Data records
########################################

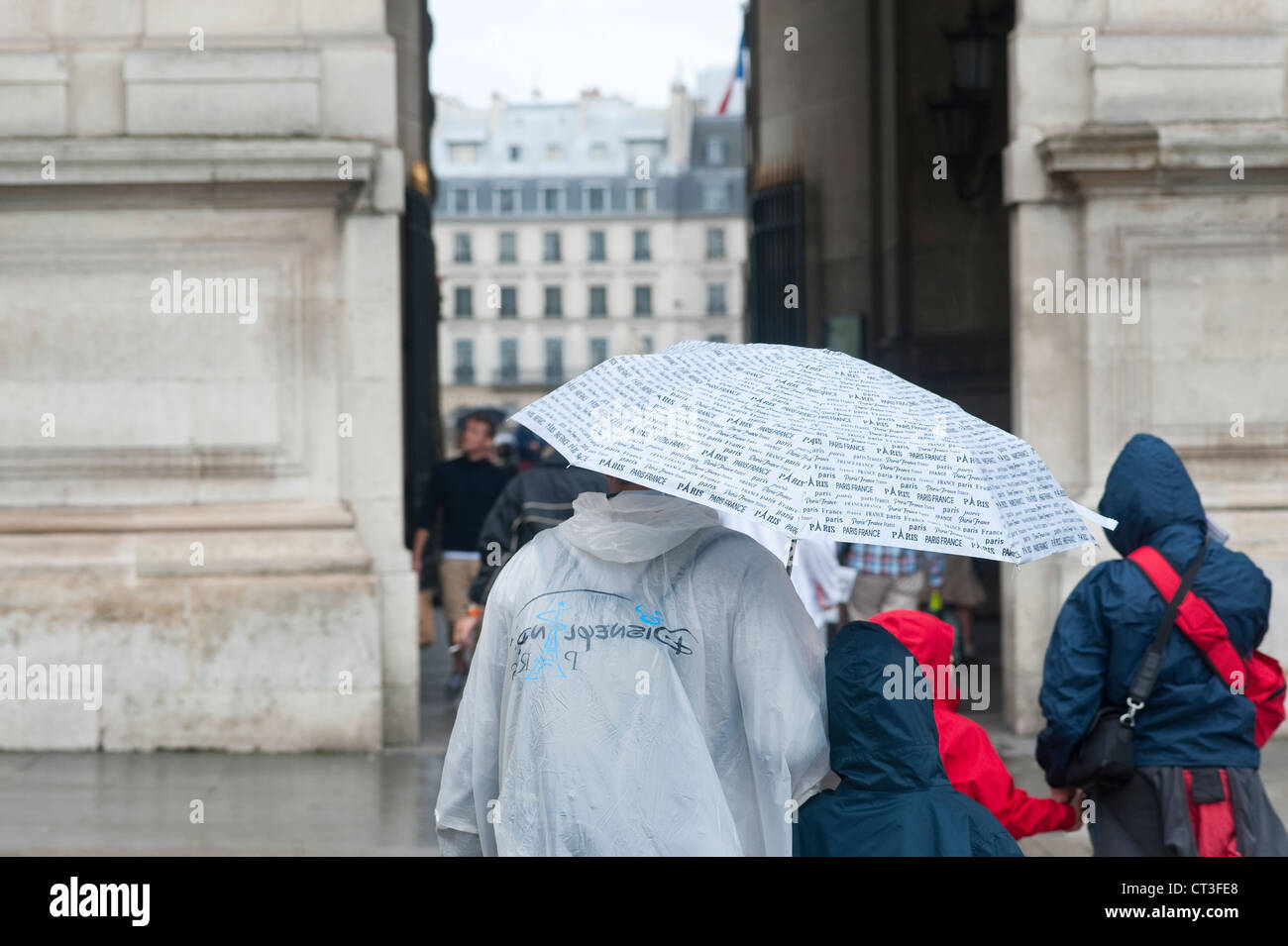 Paris, France - Tourists in a rainy day. Stock Photo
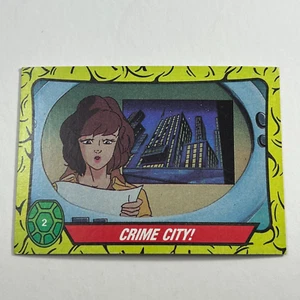 1989 Topps TMNT Teenage Mutant Ninja Turtles #2 Crime City April O'Neil - Imagen 1 de 2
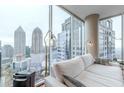 Living room featuring floor-to-ceiling windows offering panoramic city views at 1080 Ne Peachtree Ne St # 2802, Atlanta, GA 30309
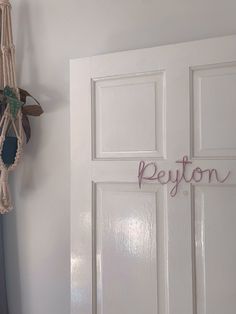 a white door with some pink letters on it and a rope hanging from the side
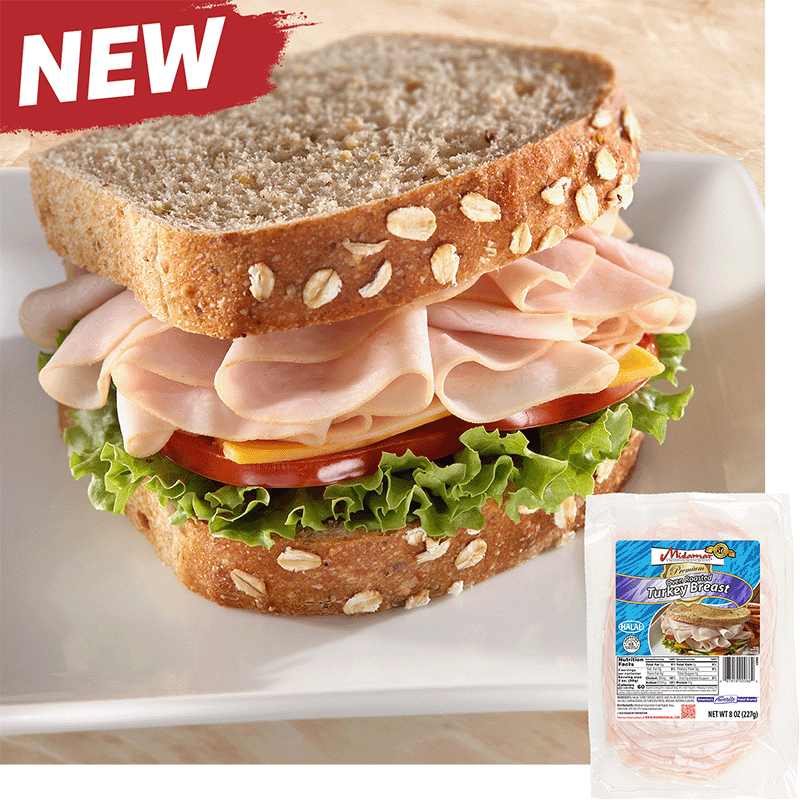 A turkey sandwich with oats baked into the top of the bread. The sandwich is piled high with Midamar halal turkey which is resting on a slice of cheese, tomatoes, and lettuce. In the bottom corner is an image of the product package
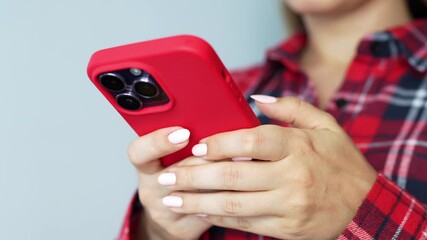 Young woman in a plaid shirt holding a red mobile phone in her hands typing a message on a grey background. A girl chatting with friends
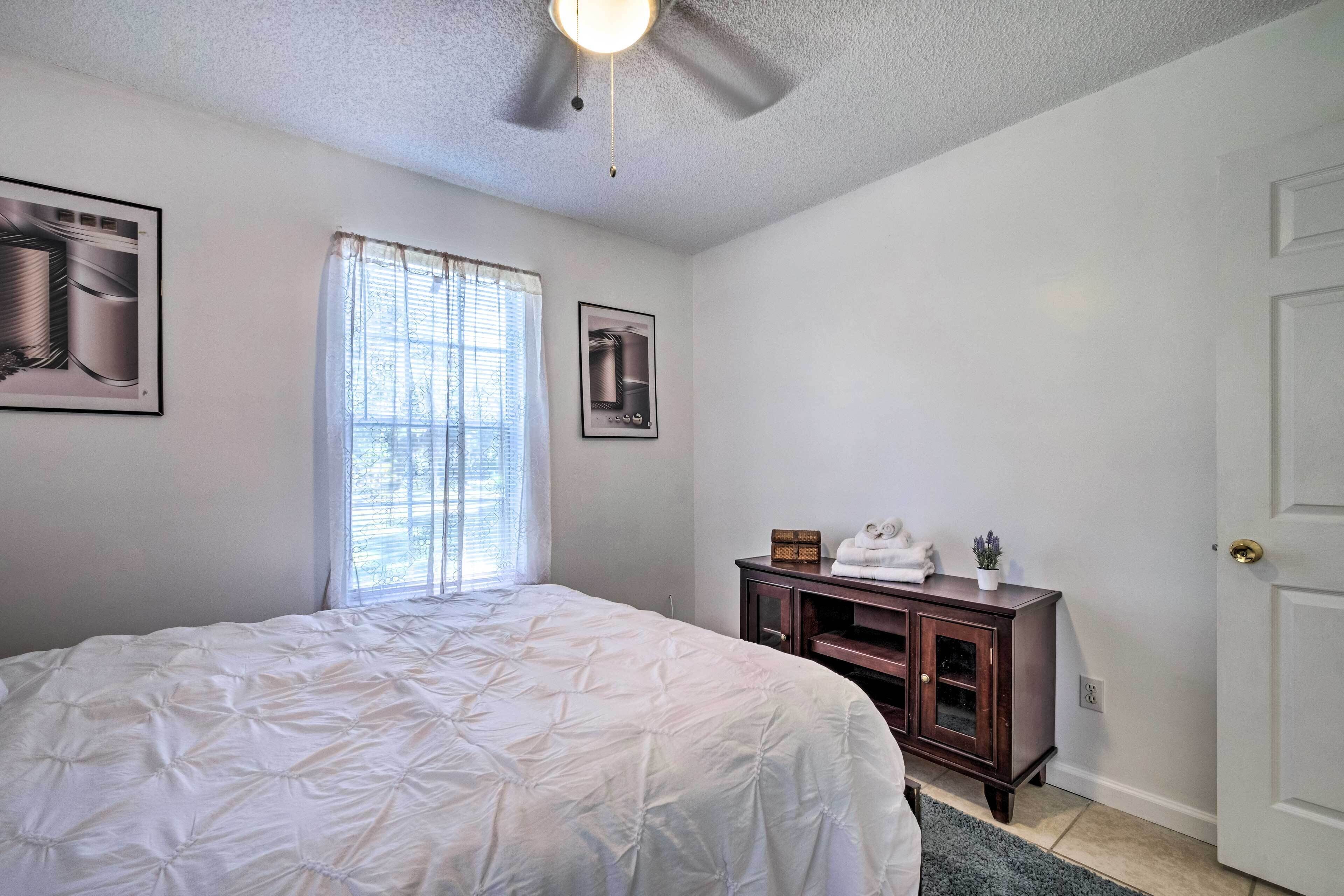 Une chambre à coucher comprenant un lit, un ventilateur de plafond, une fenêtre avec des rideaux, une commode et une porte.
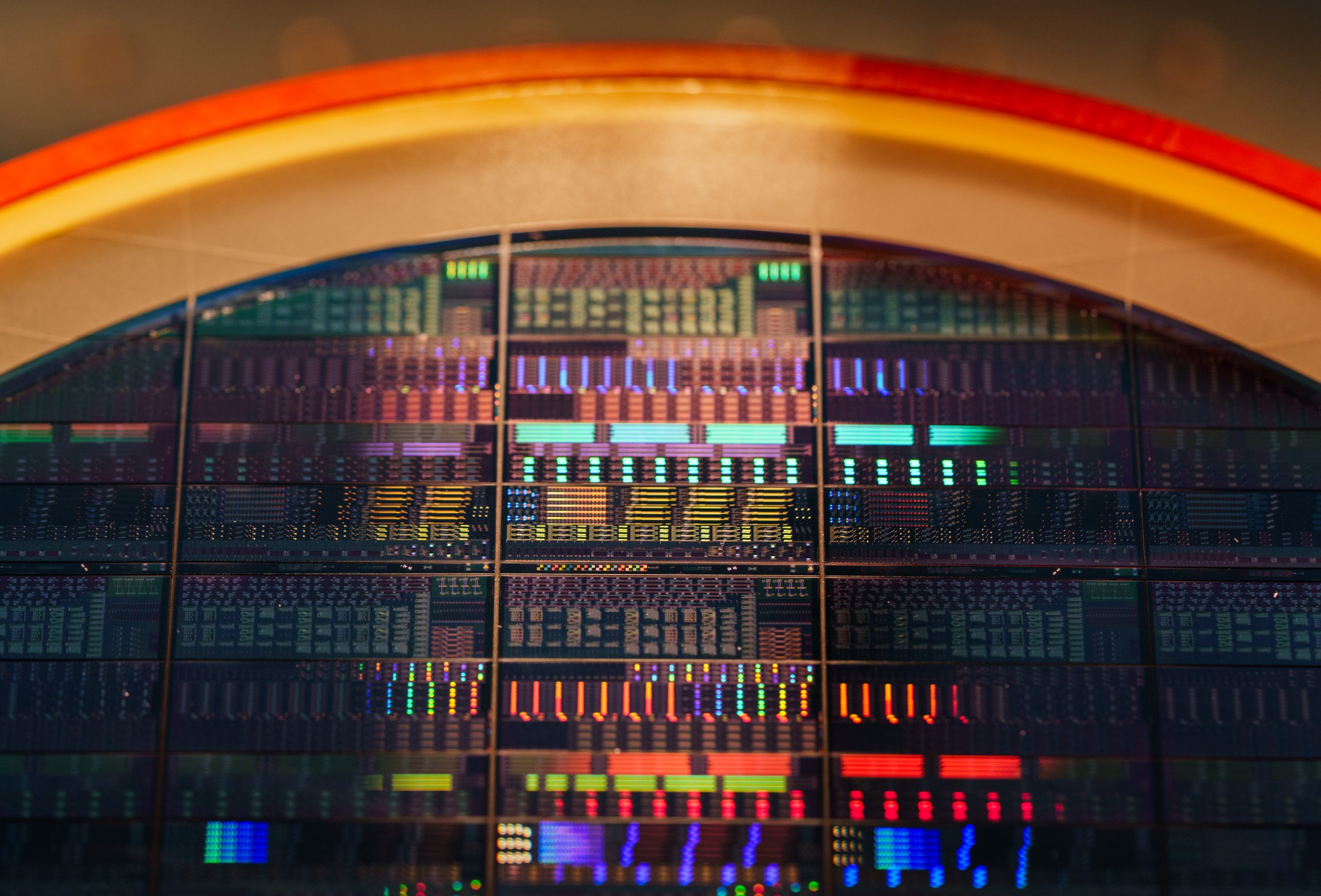 An 8-inch wafer fabricated at Sandia National Laboratories’ MESA complex for new acousto-optic device technologies. 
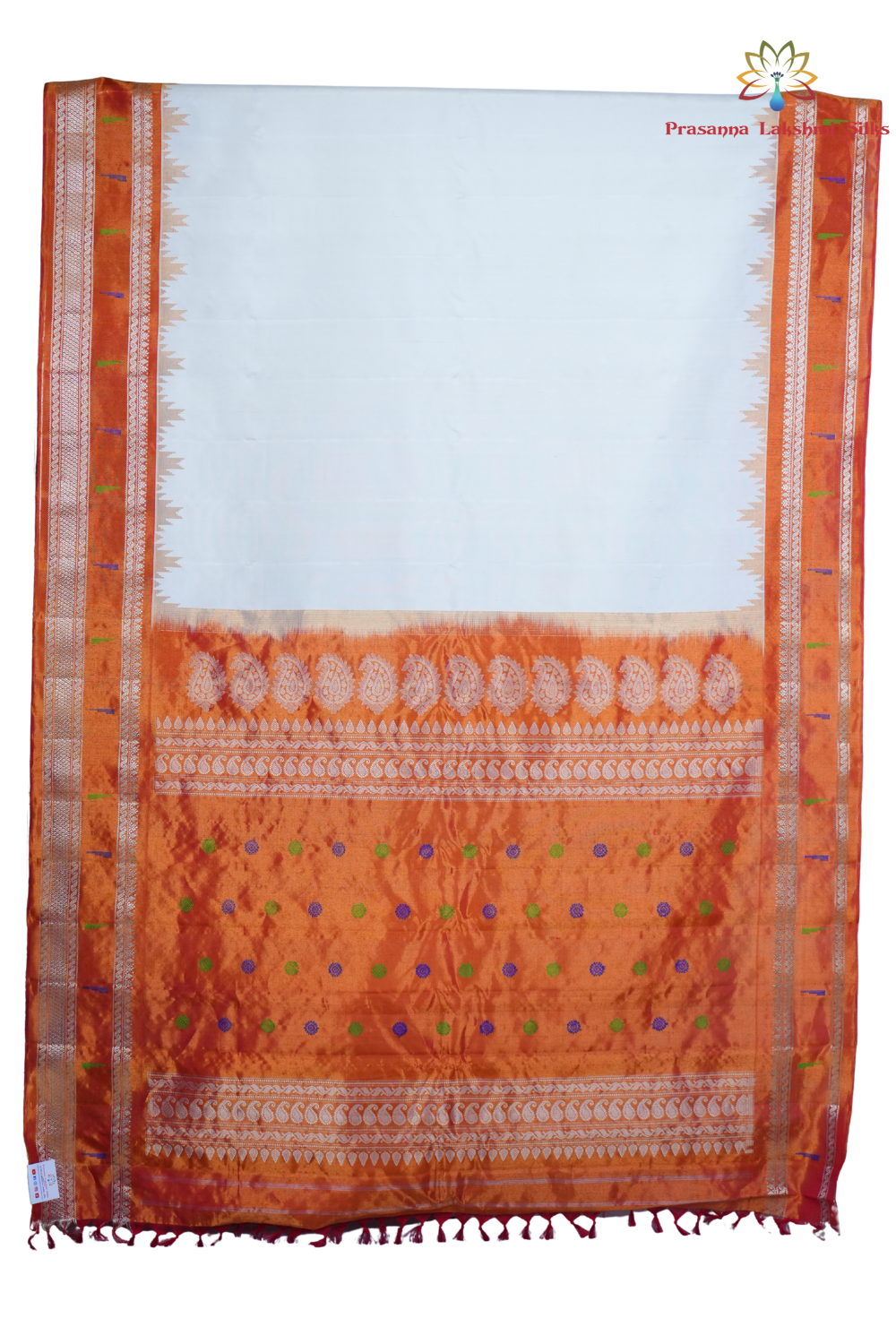 Traditional handloom Gadwal pure silk saree with zari woven tissue borders suitable for weddings.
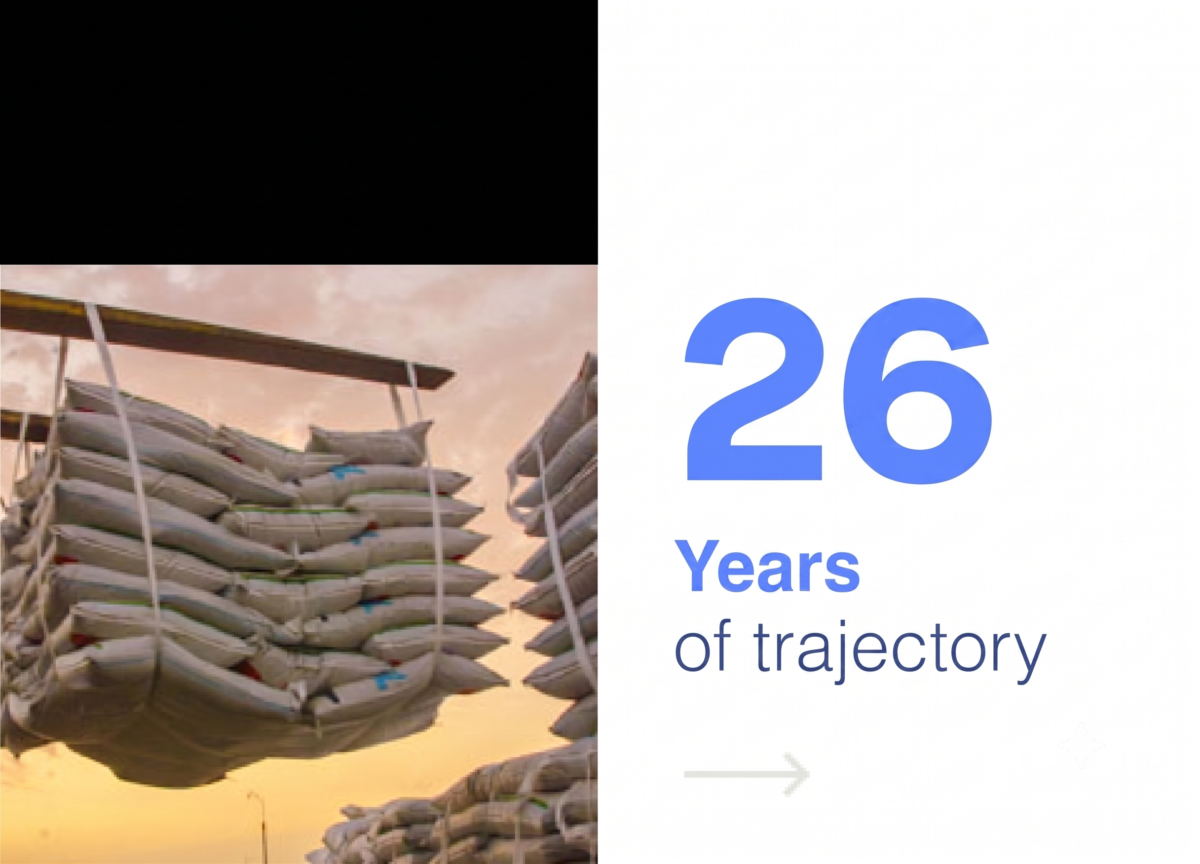 Kristal Group corporate banner celebrating 26 years of trajectory, featuring a photo of bagged products being loaded for export.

########################################

Please print all of the records above exactly, omitting each picture.

TASK RESPONSE:
 Paris, France - Tourists in a rainy day. Stock Photo
 1989 Topps TMNT Teenage Mutant Ninja Turtles #2 Crime City April O'Neil - Imagen 1 de 2
 Living room featuring floor-to-ceiling windows offering panoramic city views at 1080 Ne Peachtree Ne St # 2802, Atlanta, GA 30309
 a white door with some pink letters on it and a rope hanging from the side
 A turkey sandwich with oats baked into the top of the bread. The sandwich is piled high with Midamar halal turkey which is resting on a slice of cheese, tomatoes, and lettuce. In the bottom corner is an image of the product package
 Young woman in a plaid shirt holding a red mobile phone in her hands typing a message on a grey background. A girl chatting with friends
 Une chambre à coucher comprenant un lit, un ventilateur de plafond, une fenêtre avec des rideaux, une commode et une porte.
 An 8-inch wafer fabricated at Sandia National Laboratories’ MESA complex for new acousto-optic device technologies. 
 Traditional handloom Gadwal pure silk saree with zari woven tissue borders suitable for weddings.
 Kristal Group corporate banner celebrating 26 years of trajectory, featuring a photo of bagged products being loaded for export.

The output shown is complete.